:: Instructions to follow ::
Excerpt from the entries below: please repeat exactly the lines from the one containing "Bedroom with upholstered" through the last one, both ends included, with no pictures.

::: Available data :::

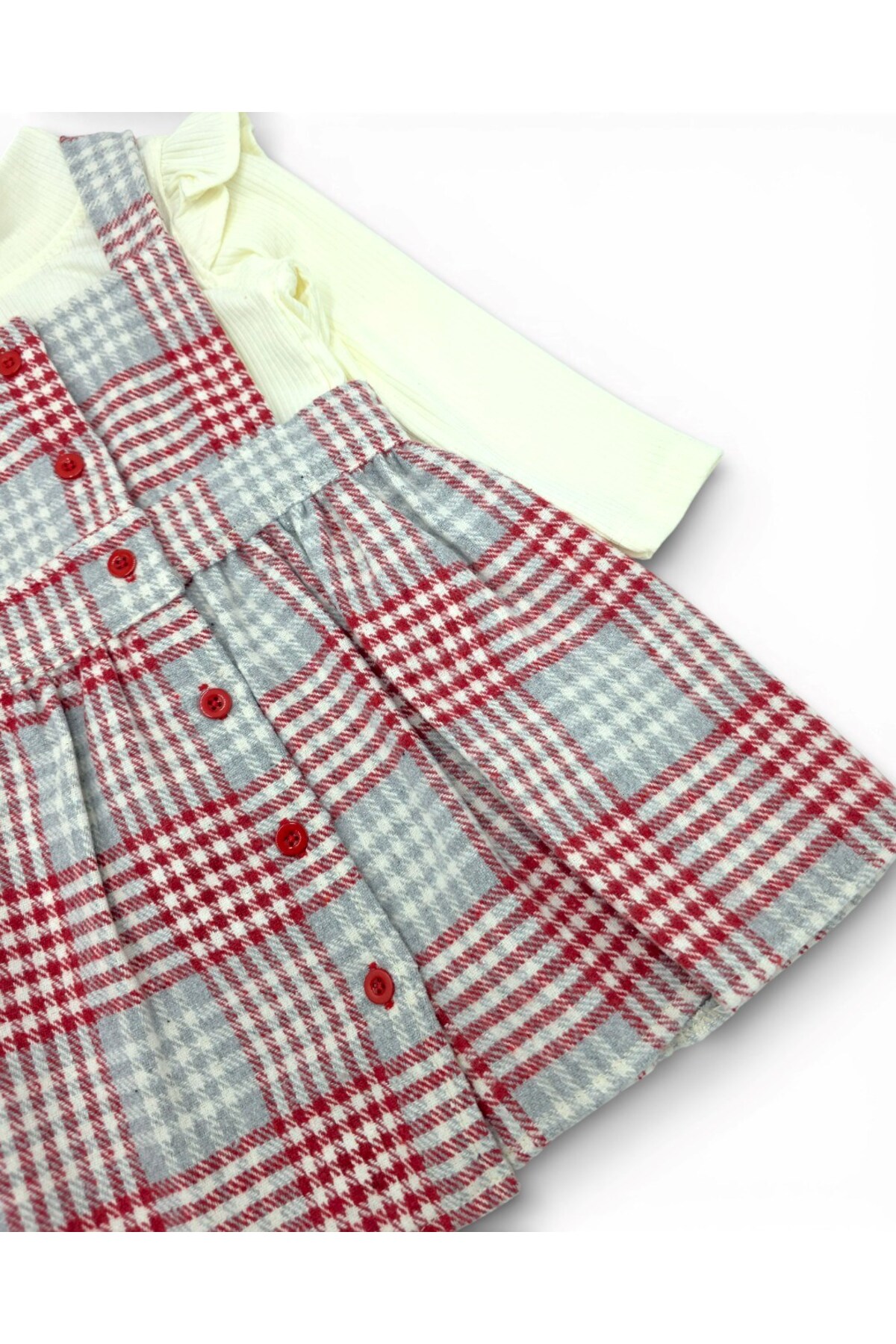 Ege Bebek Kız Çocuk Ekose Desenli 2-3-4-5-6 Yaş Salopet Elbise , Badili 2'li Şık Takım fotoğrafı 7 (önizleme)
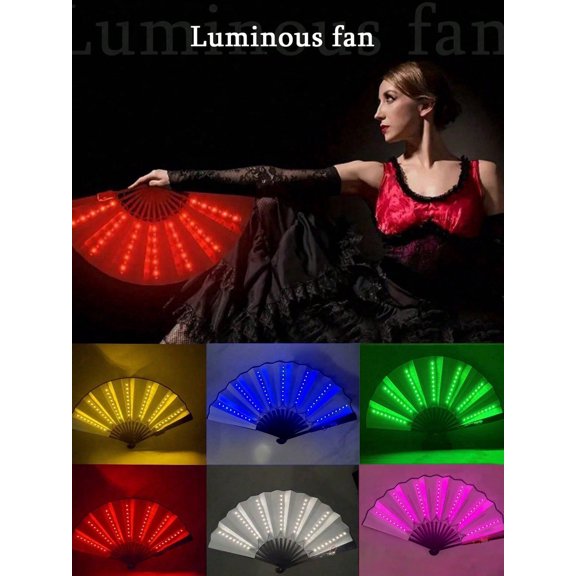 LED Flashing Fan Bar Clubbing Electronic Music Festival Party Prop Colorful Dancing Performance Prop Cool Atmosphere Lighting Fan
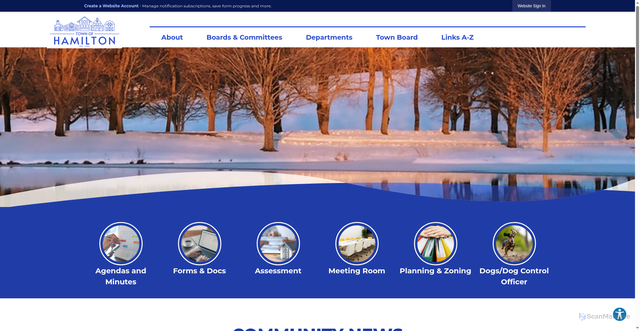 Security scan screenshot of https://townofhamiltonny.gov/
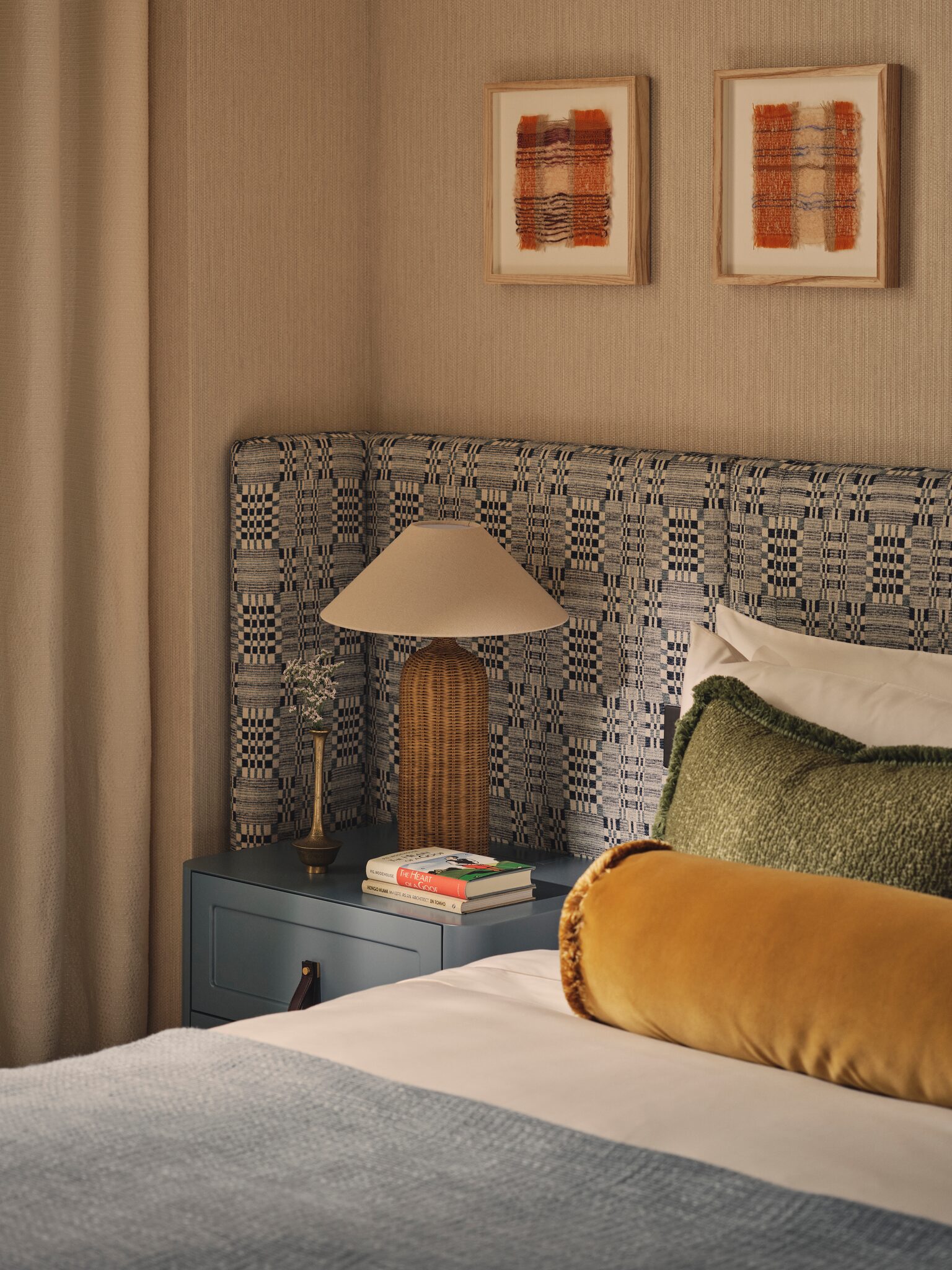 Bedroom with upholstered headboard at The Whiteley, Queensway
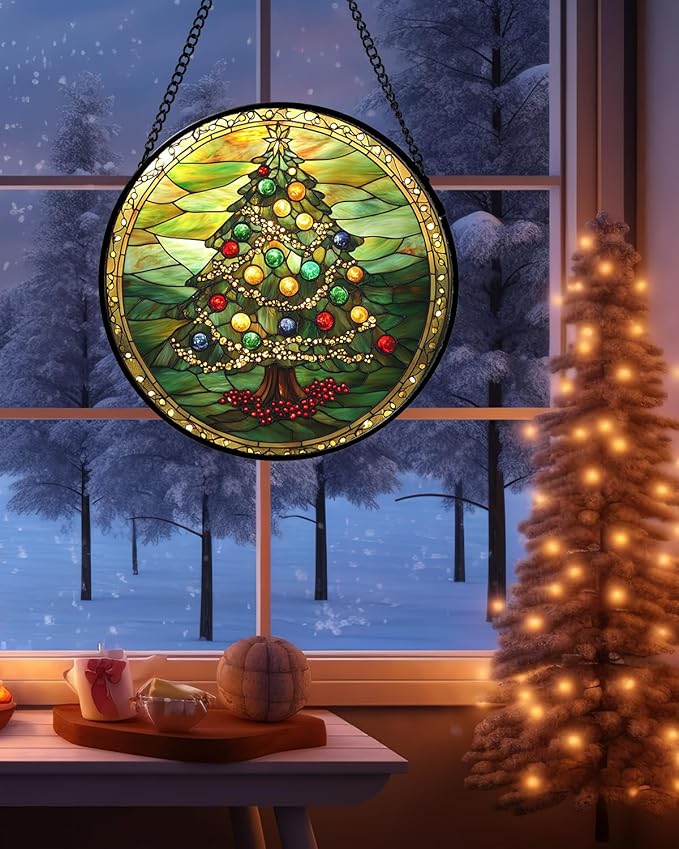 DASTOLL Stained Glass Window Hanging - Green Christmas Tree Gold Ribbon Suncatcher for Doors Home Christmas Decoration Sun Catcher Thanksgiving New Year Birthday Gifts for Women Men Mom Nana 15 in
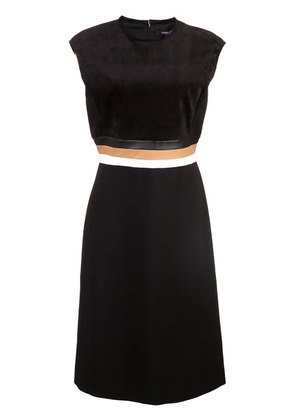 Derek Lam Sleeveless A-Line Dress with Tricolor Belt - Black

:::

:: Reply ::
 Bedroom with upholstered headboard at The Whiteley, Queensway
 DASTOLL Stained Glass Window Hanging - Green Christmas Tree Gold Ribbon Suncatcher for Doors Home Christmas Decoration Sun Catcher Thanksgiving New Year Birthday Gifts for Women Men Mom Nana 15 in
 Derek Lam Sleeveless A-Line Dress with Tricolor Belt - Black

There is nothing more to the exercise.